To identify these anomalies, RISSK analyzes the following features:
- Interview timing (hour of the day)
- Duration of the interview and individual questions
- Geographical location (if GPS questions are set)
- Sequence of questions asked
- Modifications to question answers
- Pauses during the interview
- Statistical properties of answers (variance, entropy, etc.)
To find out individual scores use the feature_score
export option, see chapter Export feature score. For more information on how URS is calculated, refer to chapter Process description. For a detailed breakdown of all features and scores, consult FEATURES_SCORES.md.
Warning
The URS is not definitive proof of interviewer misconduct. It may include false positives, where legitimate interviews receive high scores due to unusual circumstances, and false negatives, where problematic interviews receive low scores because they contain few or no detectable anomalies. To conclusively identify interviewer misconduct, further verification and review is required. See Survey integration for more details.
The URS is a relative measure, influenced by the data patterns in the set of interviews within the Survey Solutions export files. Therefor, scores will change when RISSK is run again with different data. When comparing URS between interviews, ensure that the scores were generated using the same set of export files. Direct comparison of URS values between different surveys is not advised.
By design, RISSK considers only the interview data up to the first interaction by a Supervisor or HQ role to eliminate the influence of confounding post-interview actions. This means that if substantial parts of an interview are completed after this point, the URS may not accurately reflect the interview's risk level. Consequently, modifying an interview after rejection will not improve its URS.
Note that RISSK does not currently take into account outstanding error messages or interviewer comments. These elements are easily accessible in the Survey Solutions interface and should ideally be reviewed systematically.
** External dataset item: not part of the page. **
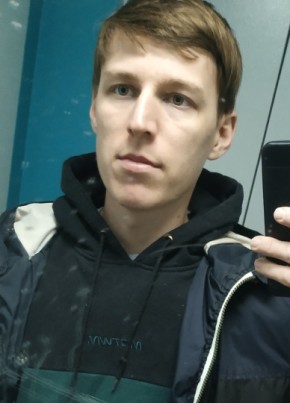 Егорка, 29, Россия, Монино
RISSK serves as a useful tool to prioritize at-risk interviews in your quality assurance processes, such as in-depth reviews, back-checks, or audio auditing. Additionally, the Unit Risk Score (URS) can be monitored by interviewer and over time to identify trends. This chapter outlines general guidance on how to integrate RISSK into your survey. For advice specific to your context, please list an issue (use label 'questions') or reach out to the authors.
Warning
While RISSK enhances the data quality assurance system of a survey, it should not replace other essential components such as back-checks or audio audits.
Frequency
Ideally, RISSK should be executed—and its results reviewed and acted upon—regularly during fieldwork to detect and address issues promptly. For most surveys, a frequency ranging from daily to weekly is advisable. This usually means that RISSK's output will need to be processed and reviewed in batches.
System integration
If possible, integrate RISSK into your survey's data management and monitoring system. This allows for automated execution and the consolidation of various monitoring indicators. For example:
- Run RISSK as part of the scripts that export from Survey Solutions.
- Use the output to identify interviews for review/verification and add them to the backlog for supervisors or data monitors.
- Incorporate URS values into your monitoring dashboard alongside other indicators.
The URS is specifically designed to guide the initial review or verification of an interview. It only takes into account data collected before any interactions by a Supervisor or HQ role. Any actions taken by the interviewer after the first review or rejection should be monitored through other means.
For each batch of interviews, it's most efficient to prioritize those with the highest URS values for review or verification, as they are most likely to contain issues. In our experiment, 71% of interviews that fell within the top 5% of URS values were fabricated. However, because the URS can also include false negatives it may be beneficial to include some interviews with lower URS values in your review process. For instance, one approach could be to review or verify 10% of interviews with the highest URS in each batch, along with an additional random 5% drawn from the remaining pool. This could also be tailored to focus on specific interviewers or other criteria.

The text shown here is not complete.